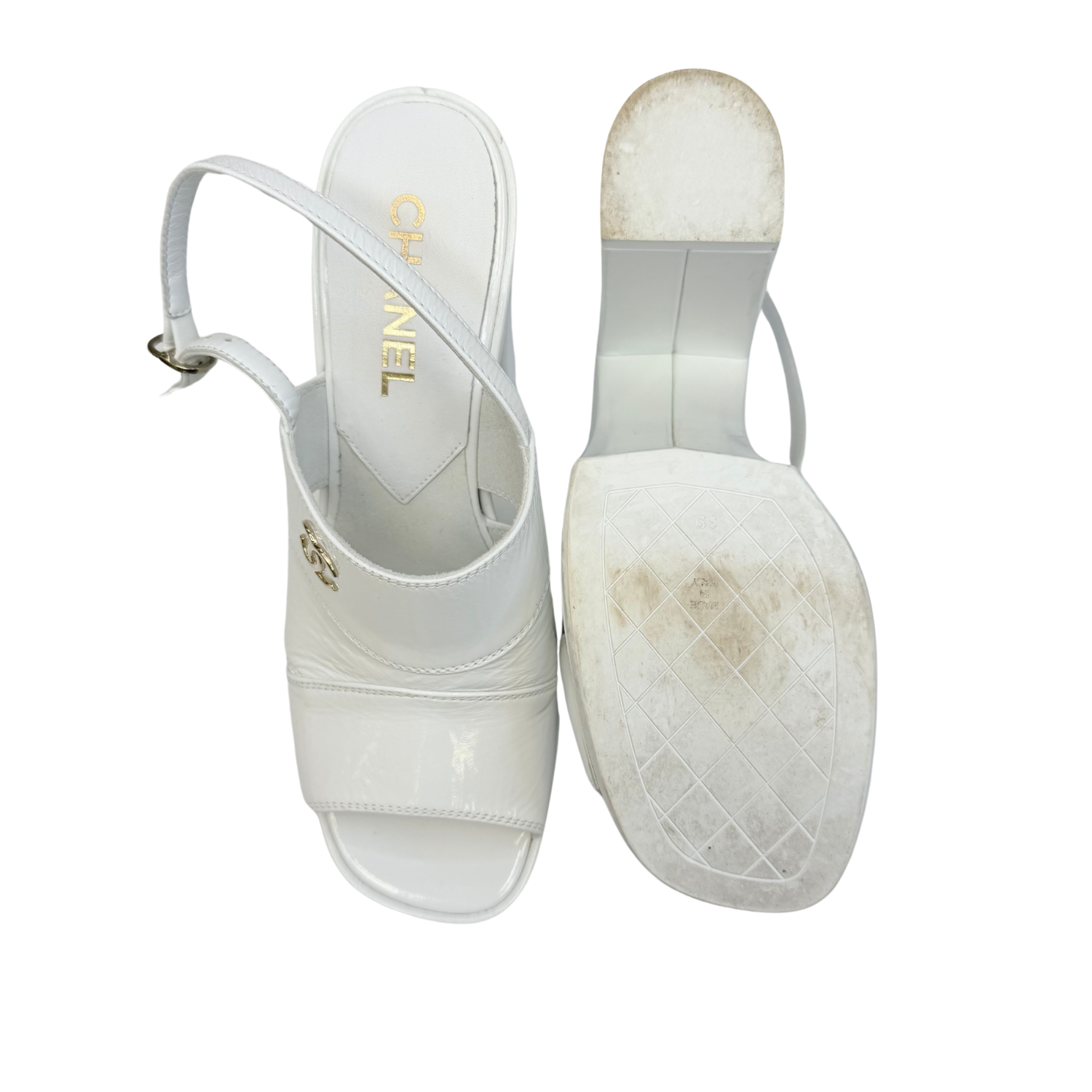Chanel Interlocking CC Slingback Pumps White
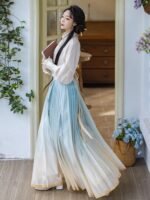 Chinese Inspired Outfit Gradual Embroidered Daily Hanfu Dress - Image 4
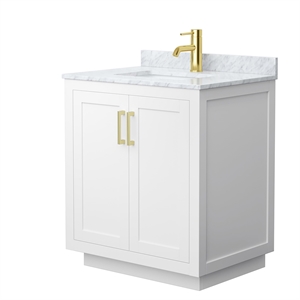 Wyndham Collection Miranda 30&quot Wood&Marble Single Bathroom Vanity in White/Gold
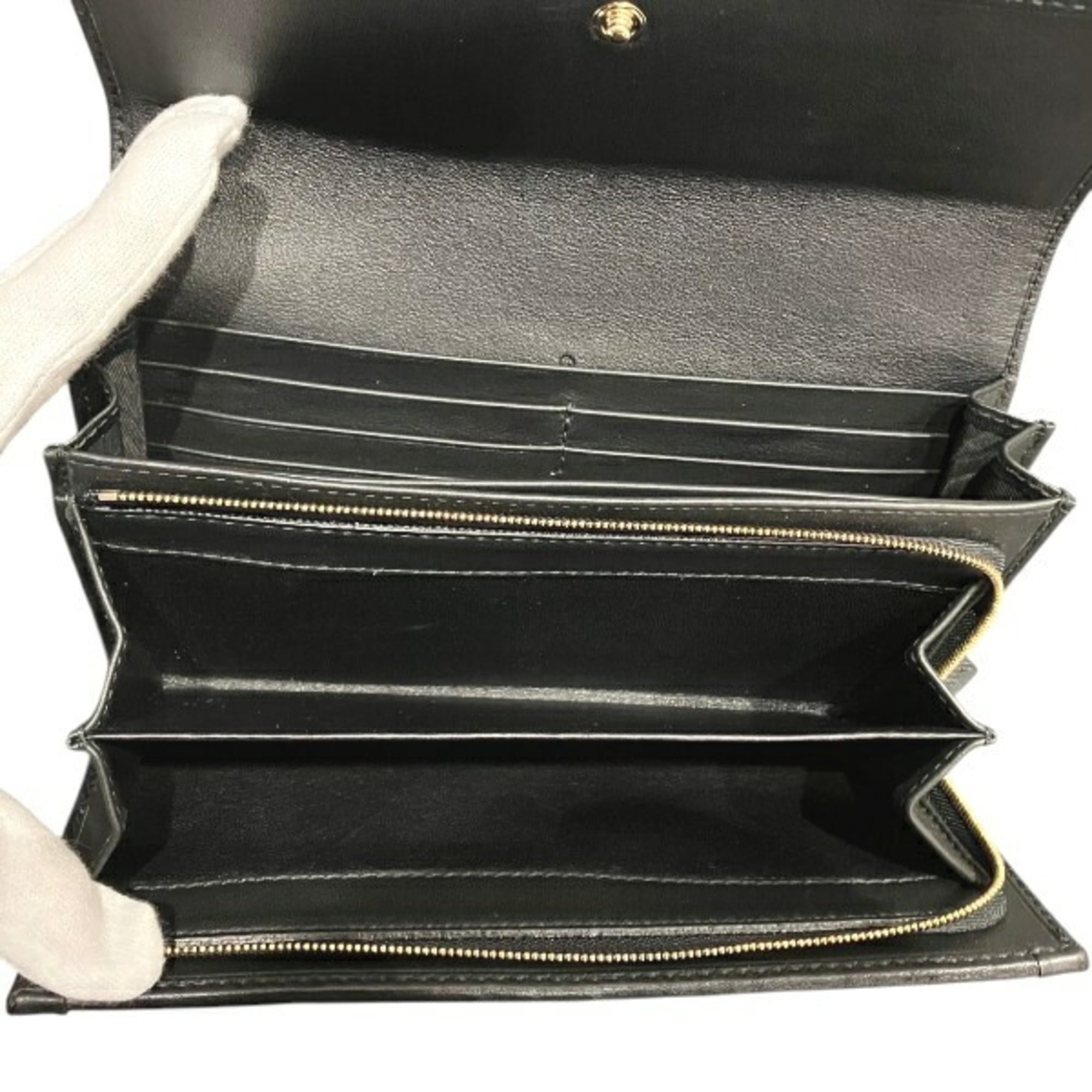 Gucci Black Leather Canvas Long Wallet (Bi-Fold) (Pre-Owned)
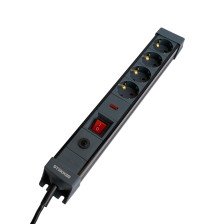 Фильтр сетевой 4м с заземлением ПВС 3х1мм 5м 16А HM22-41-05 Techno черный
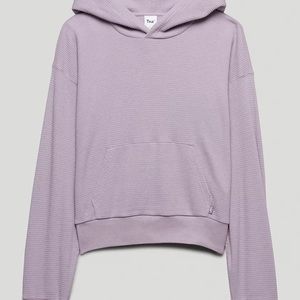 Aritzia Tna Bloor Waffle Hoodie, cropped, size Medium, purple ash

TASK PROMPT: Copy all the material exactly; omit images.

TASK RESPONSE:
Chanel Interlocking CC Slingback Pumps White
 Chinese Inspired Outfit Gradual Embroidered Daily Hanfu Dress - Image 4
 Wyndham Collection Miranda 30&quot Wood&Marble Single Bathroom Vanity in White/Gold
 Gucci Black Leather Canvas Long Wallet (Bi-Fold) (Pre-Owned)
 Фильтр сетевой 4м с заземлением ПВС 3х1мм 5м 16А HM22-41-05 Techno черный
 Aritzia Tna Bloor Waffle Hoodie, cropped, size Medium, purple ash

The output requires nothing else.